Подвернулась и кухарка из богатого дома — я узнал её по чистому переднику и по тому, как несла кошель: не свой, хозяйский. Таким продавать легче всего, ибо тратят они чужое, а хвалят перед хозяином себя. Ей я отобрал самые крупные, самые белые, отдельно, с почтением: для господского, мол, стола, свежайшие, отборные; гостей нынче принимаете — так не ударьте лицом, пусть хозяин видит, какова у него кухарка. Она и не подумала торговаться — за хозяйский кошель не торгуются, — взяла дюжину по цене, какую со своих я и спросить бы постыдился, и ушла довольная, что угодит хозяину отборным товаром.

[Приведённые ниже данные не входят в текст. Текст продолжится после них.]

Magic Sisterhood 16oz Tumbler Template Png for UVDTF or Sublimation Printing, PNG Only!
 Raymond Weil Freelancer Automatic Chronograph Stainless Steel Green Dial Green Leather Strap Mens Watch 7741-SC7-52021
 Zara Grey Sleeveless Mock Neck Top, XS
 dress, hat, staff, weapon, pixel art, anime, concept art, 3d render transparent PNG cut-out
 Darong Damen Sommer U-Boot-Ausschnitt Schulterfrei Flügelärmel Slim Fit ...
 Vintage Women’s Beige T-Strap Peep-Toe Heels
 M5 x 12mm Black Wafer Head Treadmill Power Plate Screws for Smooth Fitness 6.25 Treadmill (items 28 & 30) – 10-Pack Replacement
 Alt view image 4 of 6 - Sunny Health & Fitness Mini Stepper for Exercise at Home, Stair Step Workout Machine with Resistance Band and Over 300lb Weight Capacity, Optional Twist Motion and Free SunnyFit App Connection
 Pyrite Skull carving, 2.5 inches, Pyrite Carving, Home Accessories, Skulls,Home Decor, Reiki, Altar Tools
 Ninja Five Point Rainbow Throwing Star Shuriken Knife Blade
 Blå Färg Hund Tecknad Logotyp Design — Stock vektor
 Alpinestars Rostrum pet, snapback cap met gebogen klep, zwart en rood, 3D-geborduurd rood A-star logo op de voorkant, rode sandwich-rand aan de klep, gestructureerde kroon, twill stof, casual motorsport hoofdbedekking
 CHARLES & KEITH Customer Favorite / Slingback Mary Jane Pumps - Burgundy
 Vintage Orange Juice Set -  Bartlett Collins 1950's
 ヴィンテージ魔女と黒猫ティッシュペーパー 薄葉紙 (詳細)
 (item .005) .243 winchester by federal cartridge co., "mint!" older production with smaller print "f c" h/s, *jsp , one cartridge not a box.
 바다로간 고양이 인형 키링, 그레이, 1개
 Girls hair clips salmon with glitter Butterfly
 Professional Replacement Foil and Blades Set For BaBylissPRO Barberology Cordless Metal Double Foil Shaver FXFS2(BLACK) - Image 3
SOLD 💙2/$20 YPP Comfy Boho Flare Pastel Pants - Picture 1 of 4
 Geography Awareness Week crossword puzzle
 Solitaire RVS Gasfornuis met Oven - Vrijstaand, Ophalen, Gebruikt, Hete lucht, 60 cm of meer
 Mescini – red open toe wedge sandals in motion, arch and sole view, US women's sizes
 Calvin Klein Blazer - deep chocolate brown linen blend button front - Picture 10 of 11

Кто платит чужим, тот платит щедро: это я знал ещё по той жизни, где целые дома жили тем, что тратили чужие деньги с лёгким сердцем.
А кур я не стал продавать как кур. Двух тощих, полузадохшихся несушек, которым в мясном ряду и медяка бы не дали, я поднял за связанные ноги повыше и продал как наваристый бульон для больного, как силу для роженицы, что не встаёт после родов, как то единственное, что подымет слёгшего кормильца. И связанная пара ушла вдвое против всякой цены — ушла немолодой тихой женщине с горем в глазах, у которой, видать, и вправду кто-то дома угасал; ушла со словами благодарности, будто я ей не курей продал, а исцеление и надежду.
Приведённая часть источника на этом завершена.